Aside from this attraction, a bahay kubo beside the deck would catch your attention because of its unusual decoration. You might wonder why bones are used as decor.
According to the Ifugao woman living in the kubo, hunting is a way of life. Displaying the skulls and bones of animals is a sign of bravery and serve as status symbols.
Not only do the bone decors embellish the Ifugao’s dwelling place but the bundles of harvested rice grains also add appeal to the facade. They may remind you of miniature versions of Cousin Itt in “The Addams Family.”
But there is more to these grains than a cartoon show look-alike. You will know why when you visit the rice terrace in Barangay Batad.
You need to go up a steep, slippery, and stony mountain — and that is a thirty-kilometer walk. That makes 60 kilometers back and forth. Imagine how sweaty you can get. Just tell yourself that you’re burning your calories. Not only that, you’re also lucky you have shoes to protect your feet while the natives walk barefoot.

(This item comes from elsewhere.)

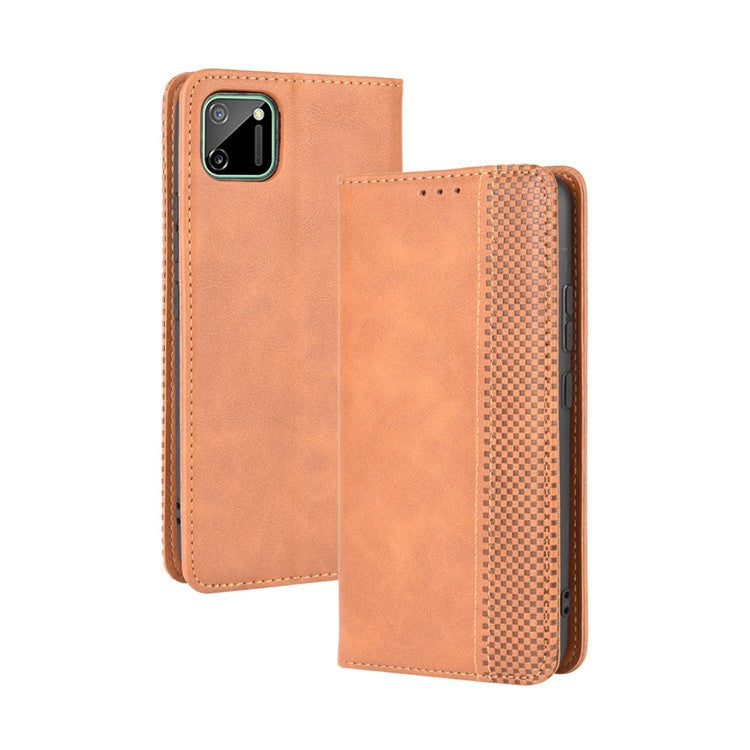 Auto-absorbed Retro PU Leather Shell Wallet Cell Phone Case for OPPO Realme C11 - Brown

It will also surprise you to see them carrying something heavy like an LPG cylinder. It seems dangerous but to them it is not. You will notice that even children are climbing up and down the mountain.
Though exhausting, you will not regret it once you are rewarded with the breathtaking sight, and welcomed not only by the cooler temperature but also the warm hellos of the natives. It is also surprising to learn that they are very fluent in English. An aged native carrying her granddaughter on her back shared that they learned English from the foreigners who visited the place.
Beyond the greens of Banaue are the Ifugao — the people who molded and cultivated the mountain with their bare hands.






3 Feedbacks on "Beyond the greens of Banaue"
nina simon
It is really not that surprising to know that they know a language that we think they would know. I have relatives in the north so I know that they had to learn english before they learned tagalog or filipino in order to communicate with people who do not speak their dialect.
i remember that the terraces was supposed to be a world wonder but i don’t know what happened. it’s too bad it wasn’t.
and the fact that we have rice problems is a little ironic for a country that is known to be agricultural and with a place like this, we should be more appreciative not only of the sights but also about what they represent to us and to the world.
Jakbkk
Northern people (including people from Baguio) have a better grasp of the English language than lowlanders. you can hear people speaking in English in Baguio more than you would in Manila.
coffeeprincess
During my last semester in college, I had the chance to visit this place but I backed out ‘coz I had to finish my baby thesis. After reading this entry, I know I just missed a very precious opportunity to see such a lovely place.